This was a point made by the Governor of the Bank of England, Sir Mervyn King in a speech in Cardiff last night.
He said that the economy is producing 15 per cent less than it would be now, had there been moderate growth in the last four years.
He said: "The zig-zag pattern of quarterly growth rates of GDP that we have seen this year is likely to continue."
Service sector figures for Augsut point to GDP growth as the purchasing managers’ index from Markit/CIPS rose from 51.0 in July to 53.7 in August.
This means that the UK is likely to emerge from recession, but could contract again in the fourth quarter as the figures will be compared to the third quarter numbers which included the one-off Olympic ticket sales. The possibility of a triple-dip recession is still very much a factor.
Howard Archer added: “We have currently pencilled in GDP growth around 0.7% quarter-on-quarter in the third quarter.

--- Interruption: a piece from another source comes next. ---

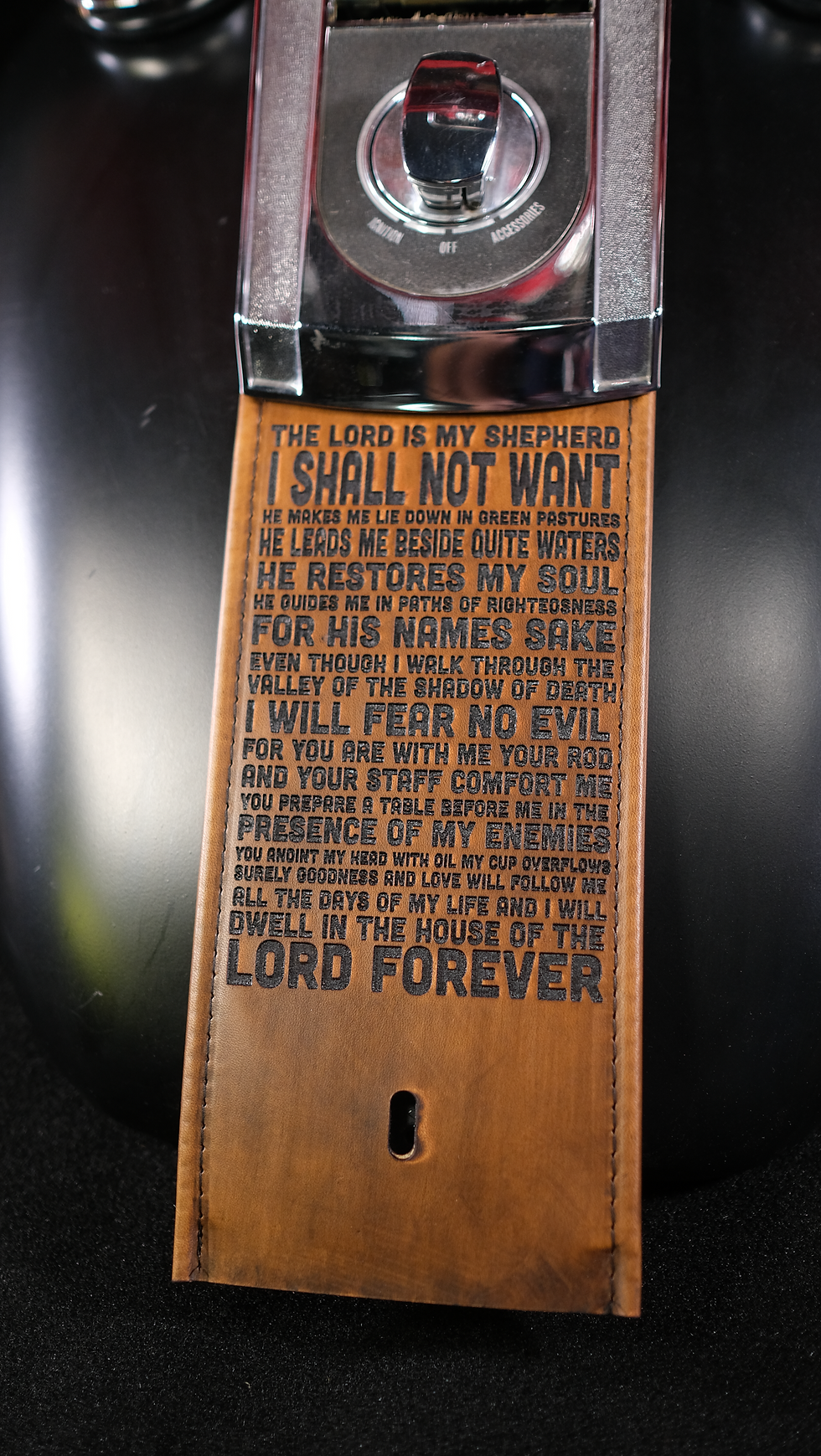 Thumbnail: Psalm 23 Lord is My Shepard Fear No Evil Harley Davidson Custom Gas Tank Bib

While the first estimate of the third quarter GDP is based on the output side of the economy, it is worth noting that consumer spending likely made an appreciable contribution to GDP growth on the expenditure side.
His thoughts on 2013 are that the UK is unlikely to grow by more than one per cent.
He said: “At this stage we suspect the UK will struggle to grow by more than 1% in 2013, especially given likely ongoing serious problems in the Eurozone which would continue to limit exports and also maintain serious concerns and uncertainties over the outlook.”